Rapid urban growth, increasing demand, and higher customer expectations have amplified the challenges of urban freight movement. Finding an adequate space to park can be a major challenge in urban areas. For commercial vehicles used for freight transportation and provision of services, the lack of parking spaces and parking policies that recognize those vehicles’ unique needs can have negative impacts that affect all users of the road, particularly the drivers of these commercial vehicles (1–4).

The curb is an important part of the public right-of-way. It provides a space for vehicles to park on-street; for delivery vehicles (i.e., cargo bikes, cargo vans, and trucks), in particular, it also provides a dedicated space for the loading and unloading of goods close to destinations. Hence it is a key asset for urban freight transportation planning which local governments can administer to support delivery and collection of goods.

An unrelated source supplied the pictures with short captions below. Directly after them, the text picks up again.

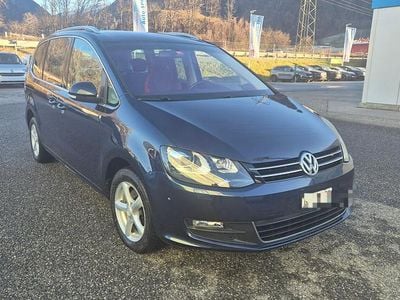 Gebraucht 2013 VW Sharan Design Van / Kleinbus | CHF 10’500 (Guter Preis)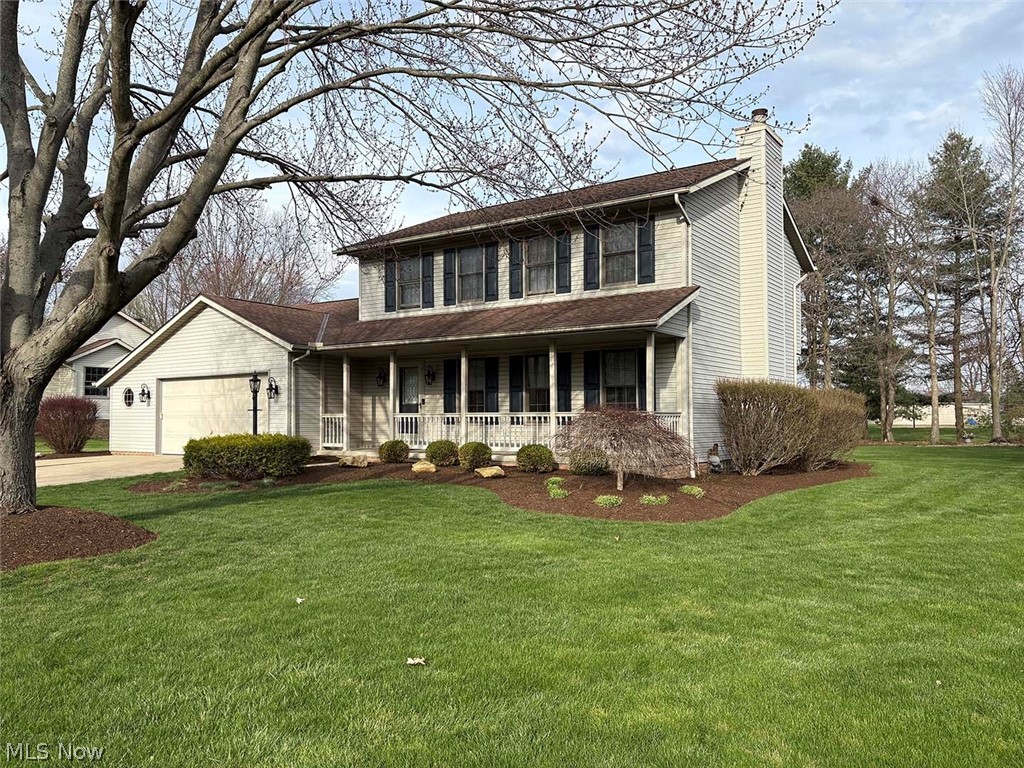 5554 Ashbrook Street, Louisville, OH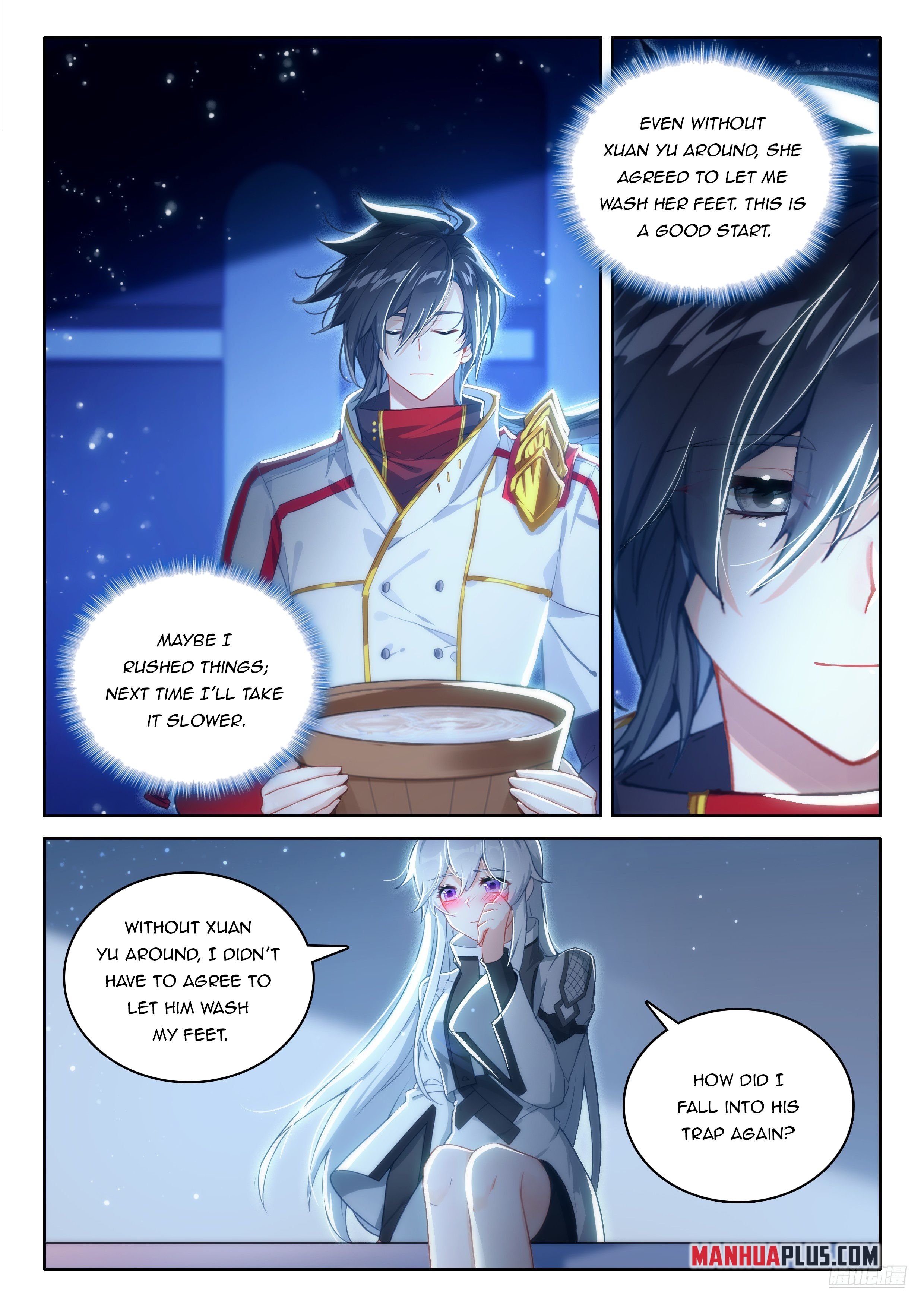 Read Soul Land 4_ Ultimate Fighting ENGLISH Manga Online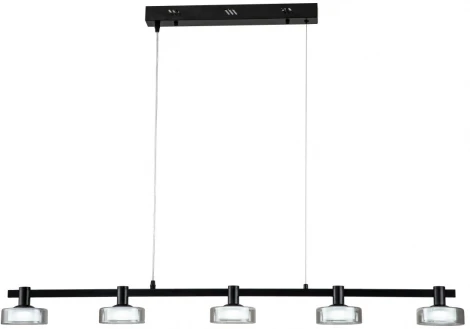 Подвесной светильник светодиодный Stilfort Gloze 4009/02/05PL (220V, на проводе)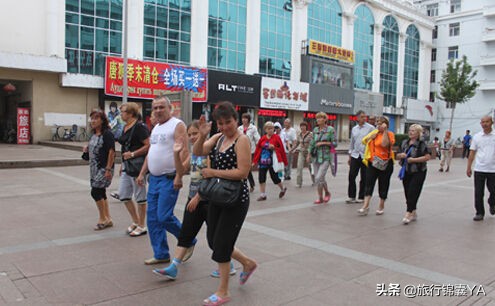 真实的边境城市,隐藏城市里的神秘城堡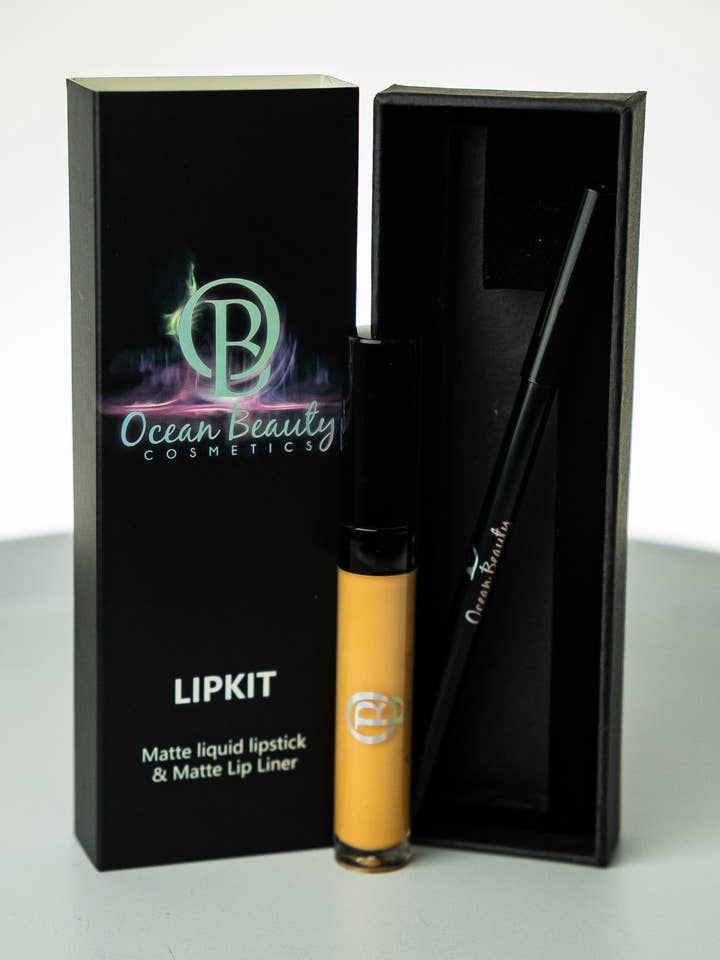 Lipkit (Almy) for wholesale by Ocean Beauty Cosmetics, LLC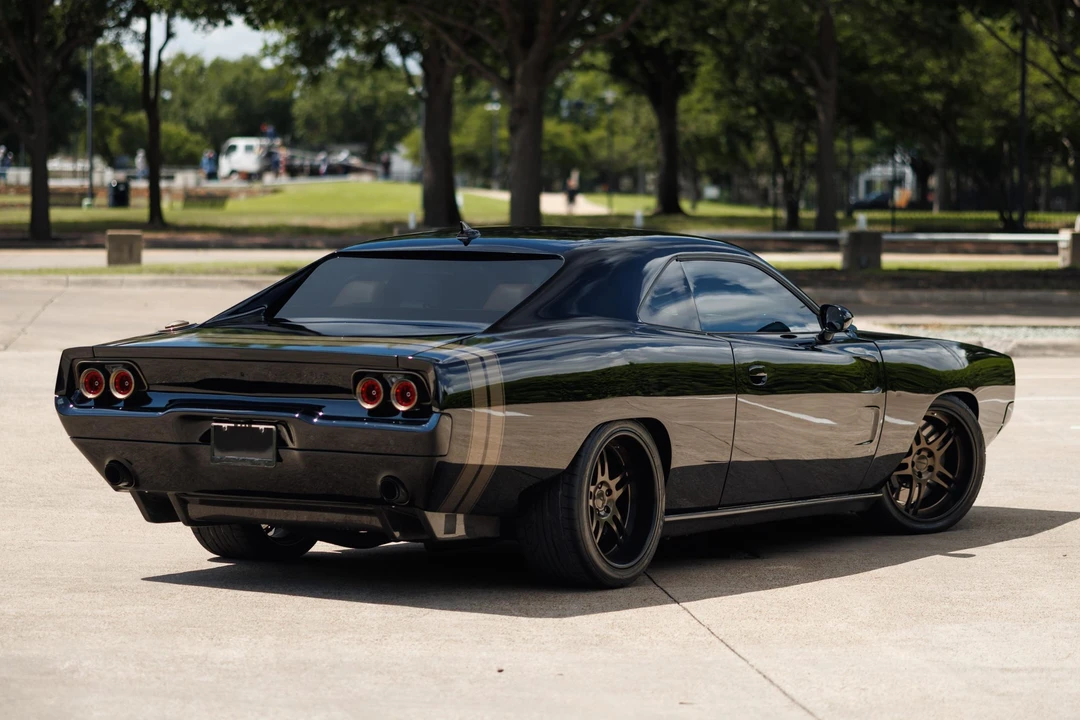 2022 Dodge Challenger SRT Hellcat 3rd Gen - Image 12 of 31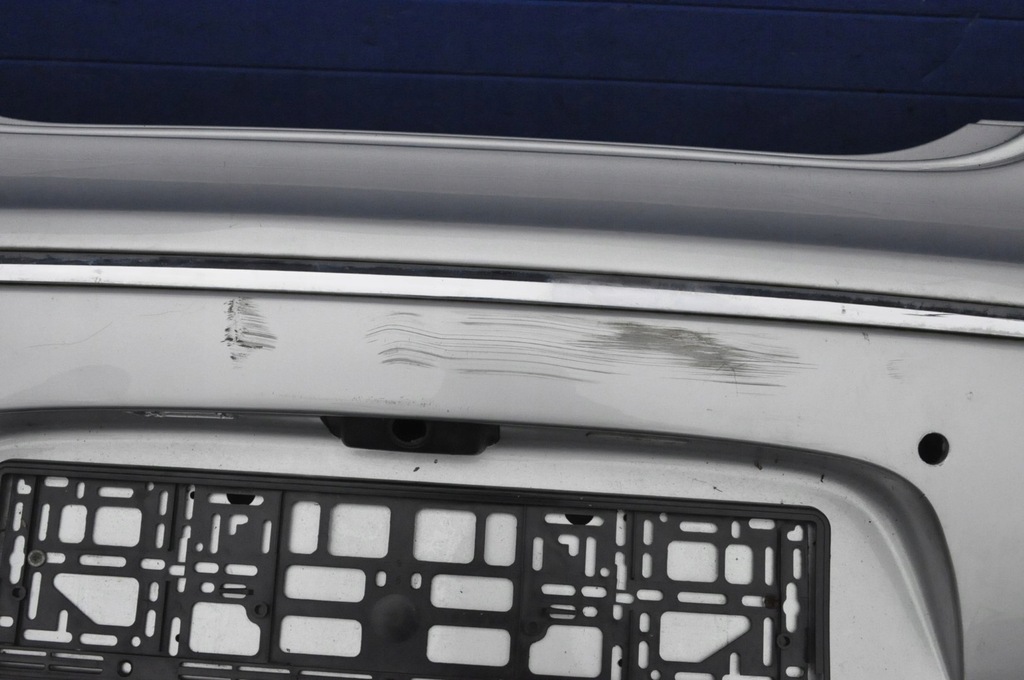 фото №7, Jaguar xj x351 бампер задня задній pdc long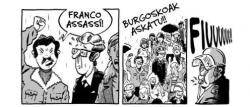 El Procés de Burgos en còmic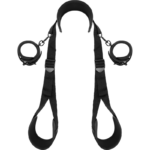 Fetish Submissive Bondage-Set Griffe Position Offene Beine · Sextoys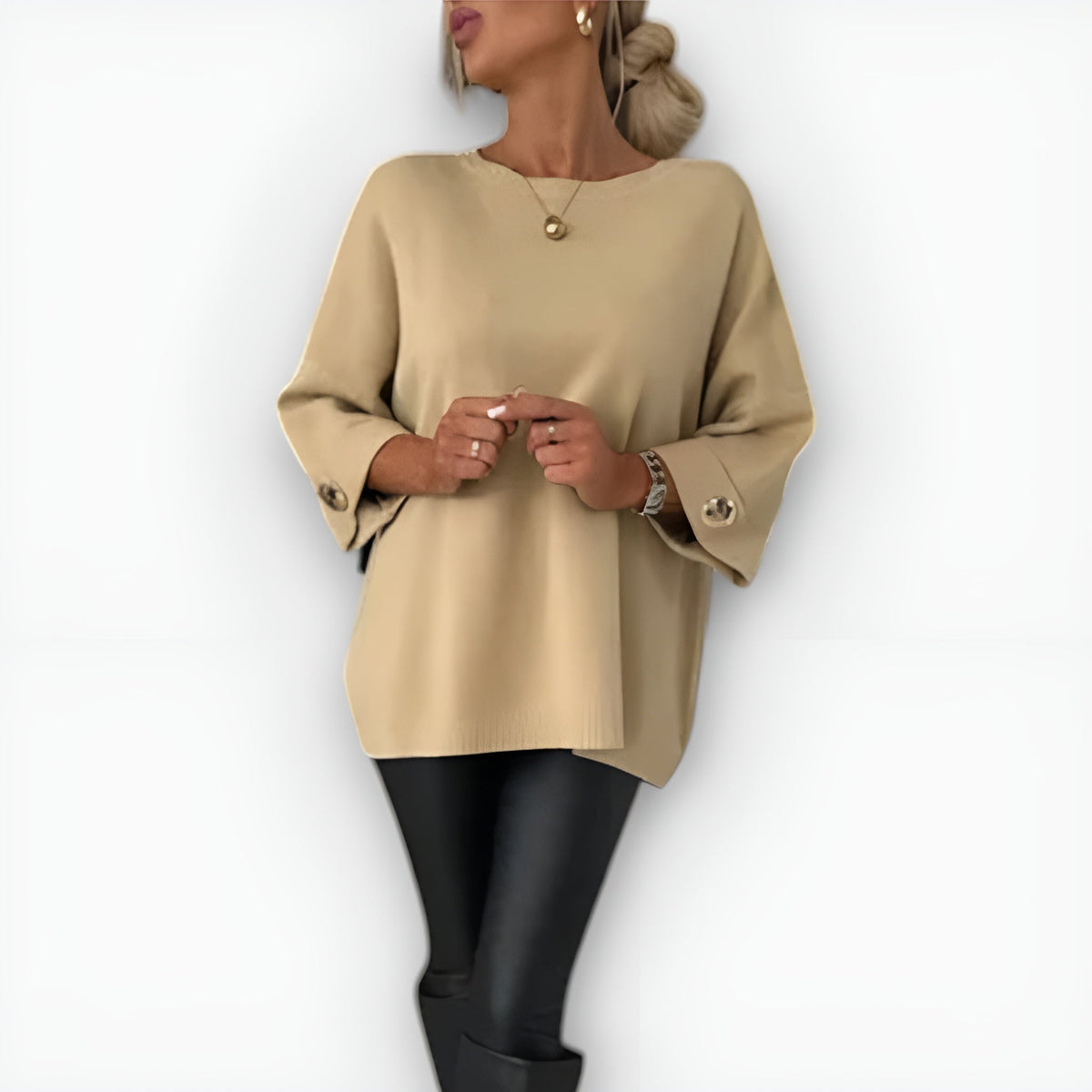 Julianette | Elegant Jumper Image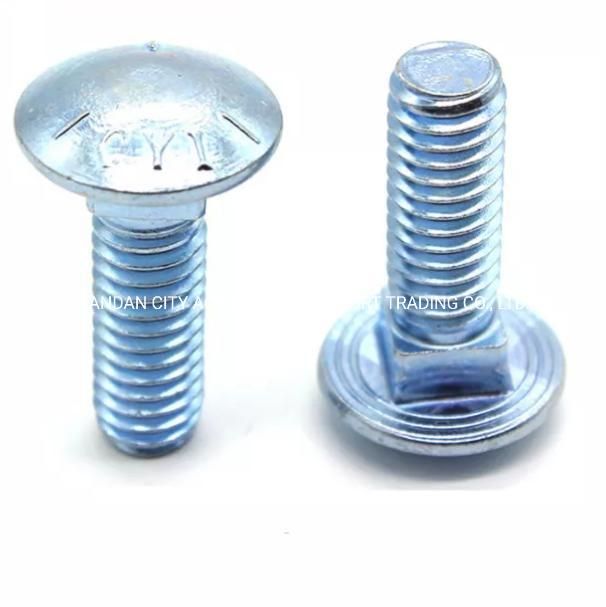Carriage Bolt Nuts, Carriage Bolt Sleeve Nut Factory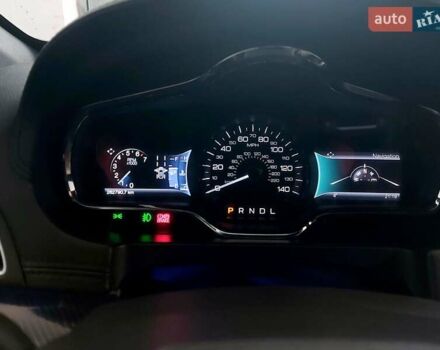 Черный Линкольн МКТ, объемом двигателя 3.7 л и пробегом 257 тыс. км за 16900 $, фото 34 на Automoto.ua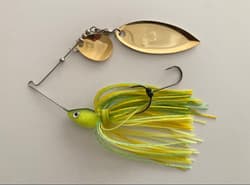 Nories Crystal S Spinnerbait 9 pieces 【Lot sale】 - Thumbnail 2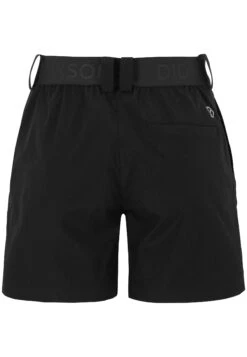 DIDRIKSONS Liv Wns - Shorts Outdoor - Black -Sportamore 4bd48b15f3a8419f9301f954ab72a45d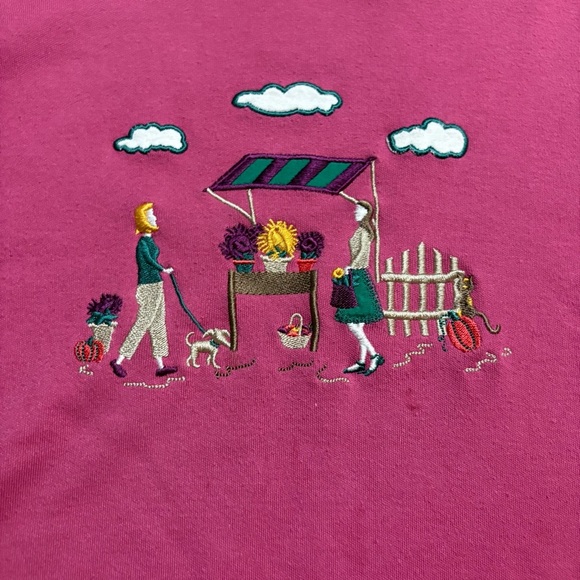 Vintage Breckenridge Shirt Large - Picture 2 of 9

According to Marcucci et al. (5), the development of sustainable management policies for urban logistics should be based on site-specific data given the heterogeneity and complexity of urban freight systems. Current loading/unloading parking policies include time restrictions, duration, pricing, space management, and enforcement (6, 7). However, as Marcucci et al. pointed out after an extensive review of the literature on freight parking policy, the quantification of commercial vehicle operations on the curb to inform policy decision making is nonexistent (5). Therefore, local governments often lack data about the current usage of the curb and parking infrastructure, which is necessary to evaluate and establish these policies and therefore make well-informed decisions regarding freight planning, especially in dense, constrained urban areas.

Given the importance of the curb as an essential piece of the load/unload infrastructure, this paper investigates what is actually happening at the curb, developing an evidence-based understanding of the current use of this infrastructure. The research team developed and applied a systematic data collection method resulting in empirical findings about the usage of public parking for loading and unloading operations in the Seattle downtown area.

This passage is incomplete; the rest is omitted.